Tapi, ternyata setelah di-hitung 2 Hotel yang ada di Bandung itu tidak cukup menampung begitu banyak tamu Negara yang akan menghadiri KAA. Itulah masalah serius yang sulit mendapatkan pemecahan, bagaimanapun juga sudah tidak mungkin membangun Hotel lagi dalam sekejab. PM Ali Sastroamidjojo dan Roeslan Abdulgani yang ketika itu ditugaskan sebagai ketua dan sekretaris Panitia Penyelenggara Konfrensi AA jadi bingung, mau ditaroh dimana tamu Negara itu? Saat mereka berdua memperbincangkan bersama Presiden Soekarno belum juga mendapatkan pemecahan yang baik, muncul-lah wartawan muda Mei Sen. Segera saja dipanggil Bung Karno untuk ikut memikirkan jalan keluarnya. Setelah Mei Sen terdiam berpikir sejenak, mengajukan pemikiran: “Bagaimana kalau kita minta bantuan pengusaha-pengusaha Tionghoa agar bisa meminjamkan vila mereka untuk menerima Tamu Negara itu?”

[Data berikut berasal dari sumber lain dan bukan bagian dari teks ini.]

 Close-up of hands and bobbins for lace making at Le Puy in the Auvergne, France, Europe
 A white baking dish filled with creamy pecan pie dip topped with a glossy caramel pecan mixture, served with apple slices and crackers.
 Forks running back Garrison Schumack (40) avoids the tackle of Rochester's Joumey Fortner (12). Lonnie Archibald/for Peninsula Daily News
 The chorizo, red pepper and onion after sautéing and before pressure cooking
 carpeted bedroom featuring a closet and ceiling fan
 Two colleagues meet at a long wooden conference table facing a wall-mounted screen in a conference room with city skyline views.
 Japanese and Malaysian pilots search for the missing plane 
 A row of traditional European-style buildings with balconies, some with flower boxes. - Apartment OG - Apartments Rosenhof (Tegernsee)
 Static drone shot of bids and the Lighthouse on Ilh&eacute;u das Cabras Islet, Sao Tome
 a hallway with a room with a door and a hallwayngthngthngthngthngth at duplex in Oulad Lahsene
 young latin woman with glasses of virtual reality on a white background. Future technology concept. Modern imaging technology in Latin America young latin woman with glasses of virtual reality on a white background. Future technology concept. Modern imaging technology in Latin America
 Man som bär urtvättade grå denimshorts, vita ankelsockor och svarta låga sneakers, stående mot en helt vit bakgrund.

Segera saja usul itu diterima, dan Roeslan Abdulgani minta Mei Sen mencoba menghubungi pengusaha-pengusaha Tionghoa untuk meminjamkan Vila mereka menerima tamu Negara. Tugas ini dikerjakan Mei Sen dengan baik, dan berhasil meminjam Vila-vila yang dibutuhkan untuk menampung Tamu Negara yang menghadiri KAA di Bandung. Ketangkasan Mei Sen, membuat Roeslan Abdulgani juga terkagum pada wartawan muda ini, lalu memuji Mei Sen: “Bukan saja Peserta tapi juga pencipta Sejarah.” Tanpa peran yang dimainkan Mei Sen entah bagaimana jadinya KAA, bisa sangat mempermalukan Indonesia sebagai Negara pemerkasa dan tuan-rumah Konfrensi!